- Publishers: ESPRIS, Tehran, Iran
- Director: Morteza Rezaei Yami
- Producer: ESPRIS
- Designer: Morteza Rezaei Yami
- Programmer: Behnam Aghajani
- Artists: Behnam Shojaei, Ebrahim Diba, and Hossein Diba
- Composer: Payam Azadi
- Engine: TGEA
- Platform: Windows
- Release: 2011
- Genre: FPS

= Mir-Mahna =

2011 video game

Mir-Mahna (sometimes spelled Mir Mahna) is a computer game based on the life of Mir Mahna, an amir of Kharg, Iran, who successfully fought against Dutch colonial forces in Iran during the reign of Nader Shah in the 1740s. Introduced in August 2010 at Gamescom, Mir-Mahna officially was released in Tehran, Iran, in February 2011 and was supported by the Iran Computer and Video Games Foundation.

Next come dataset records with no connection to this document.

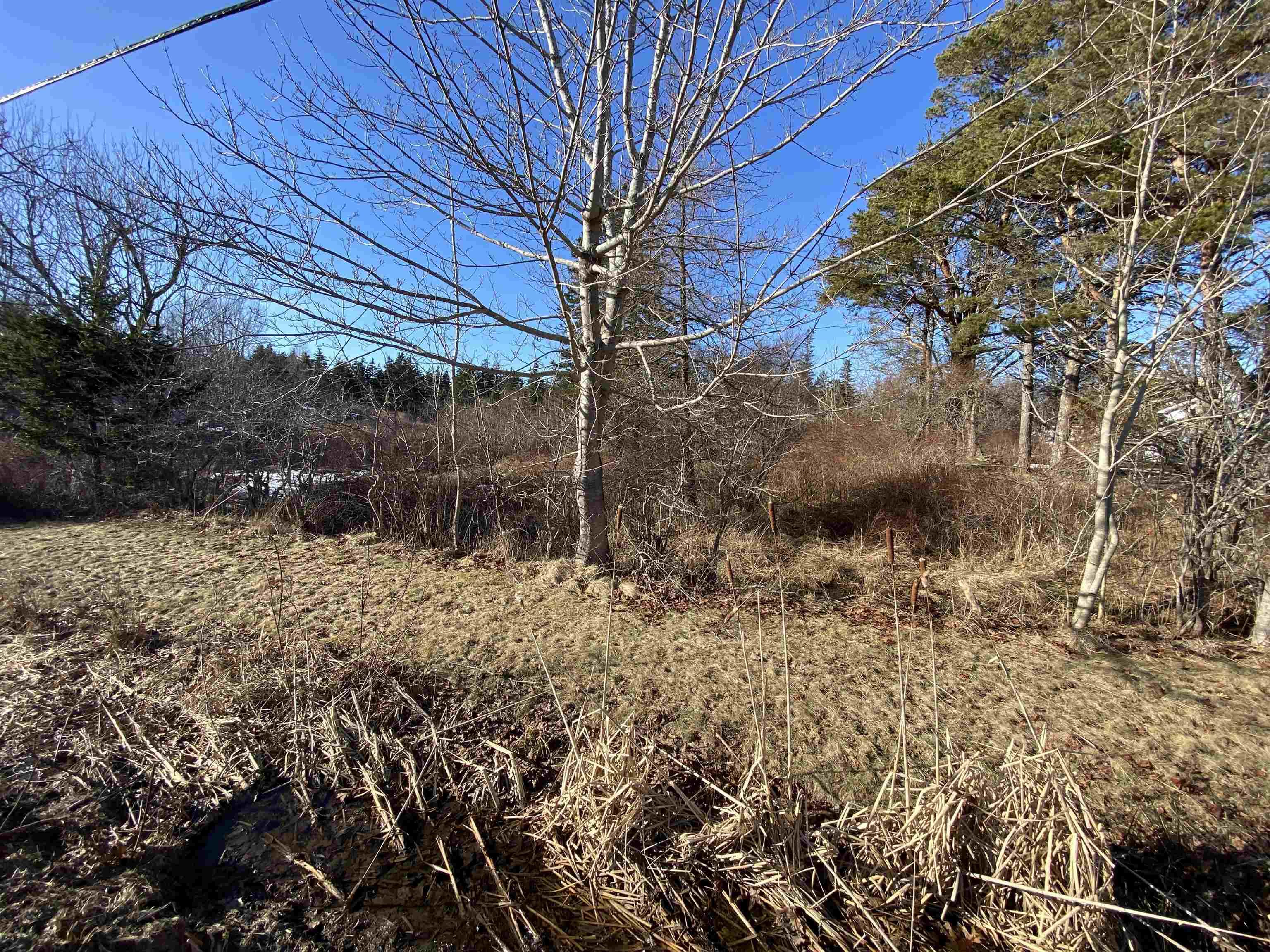 Photo 1 of 5 — 3 Highway, Arcadia, NS B0W 1B0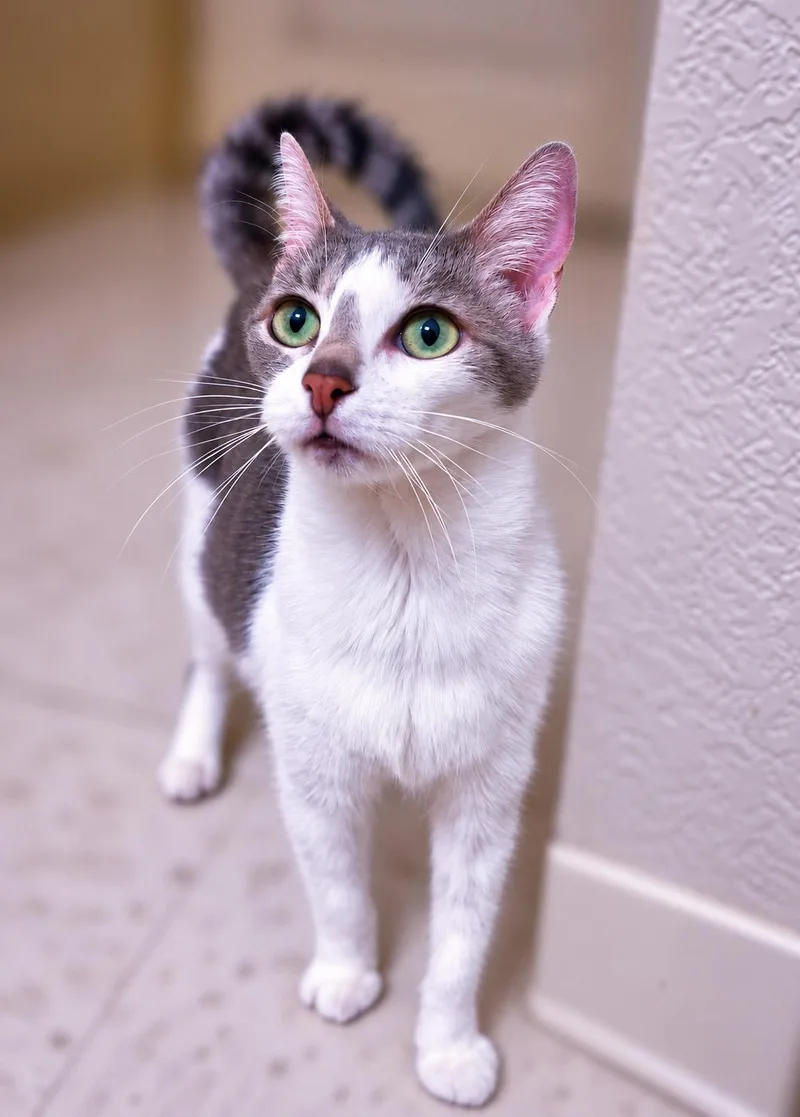 An adult medium-sized female Gray & White Domestic Short Hair cat named Lady Raincorn for adoption in Fresno, CA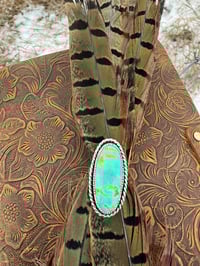 Image 4 of The Wild Mesa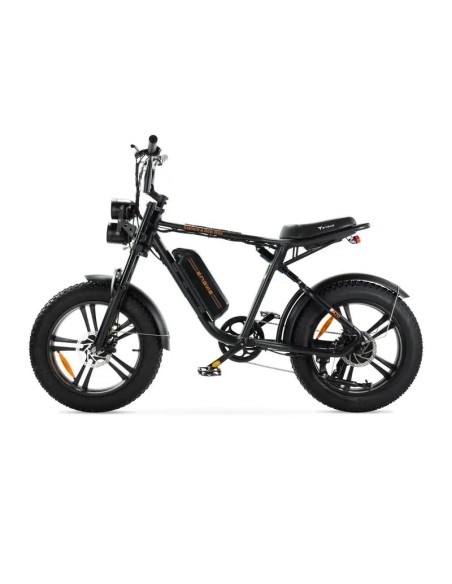 Bicicletta elettrica Engwe M20 stile motociclistico - batteria singola 750w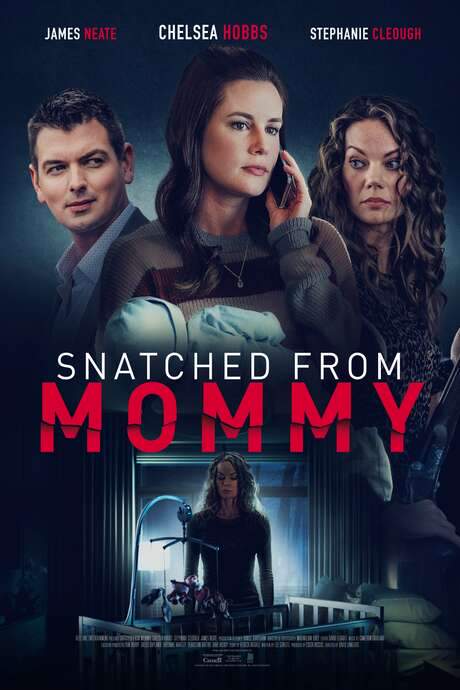 Snatched from Mommy (2021) movie poster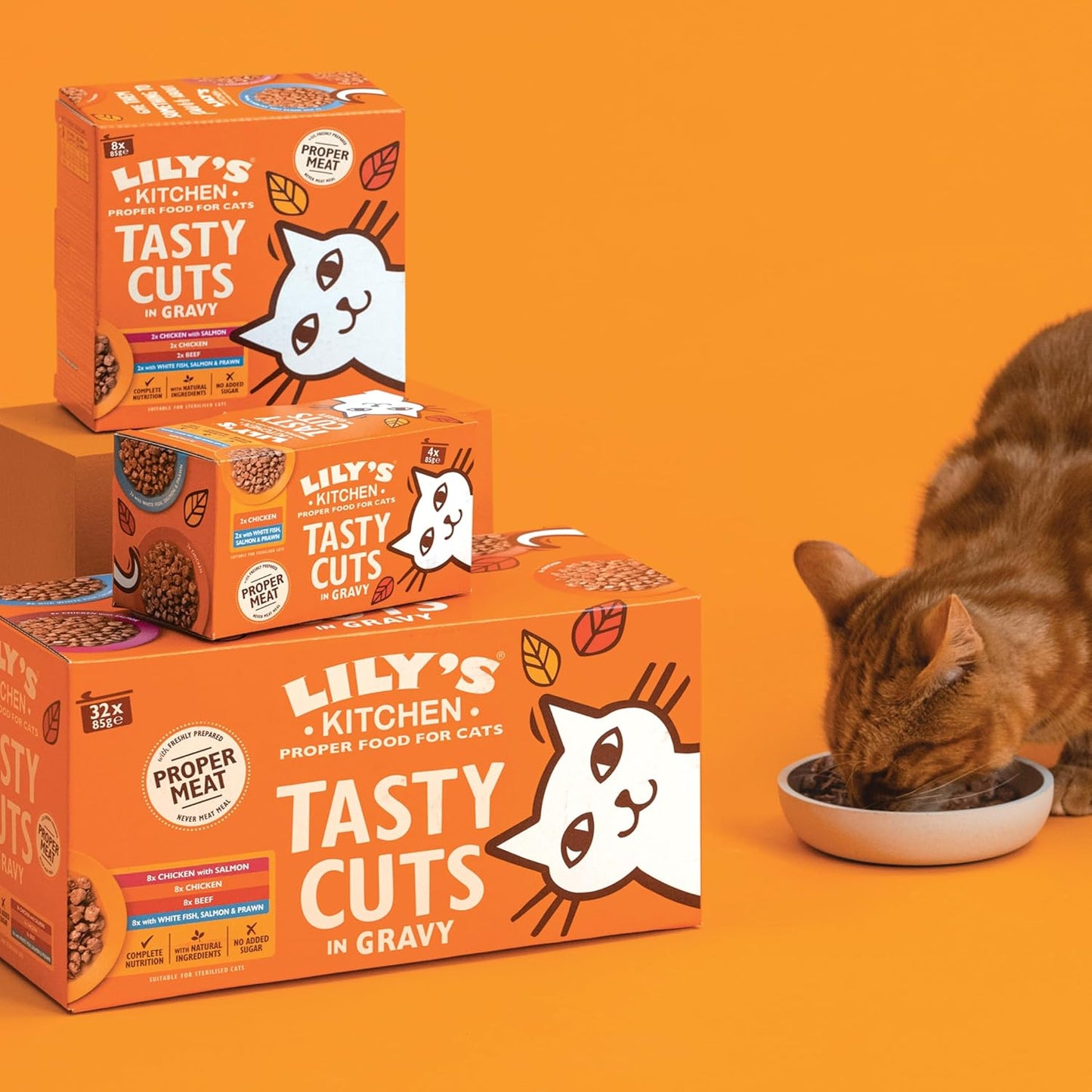 Lily’s Kitchen Tasty Cuts in Gravy Adult Wet Cat Food – 48 x 85g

Mir-Mahna is the first Iranian game about the life of a contemporary Iranian hero and the second game after Garshasp Gorz-e-Serit to focus on Iranian heroes. The game's storyline is based on a series of books entitled On the Red Marine Roads by Nader Ebrahimi, an Iranian writer, screenwriter, photographer, director and actor. By using traditional Iranian music with modern computer motion capture, the game designers sought to introduce Iranian culture and civilization worldwide. This was part of a larger effort by the Iranian government to use computer games to help convey its culture.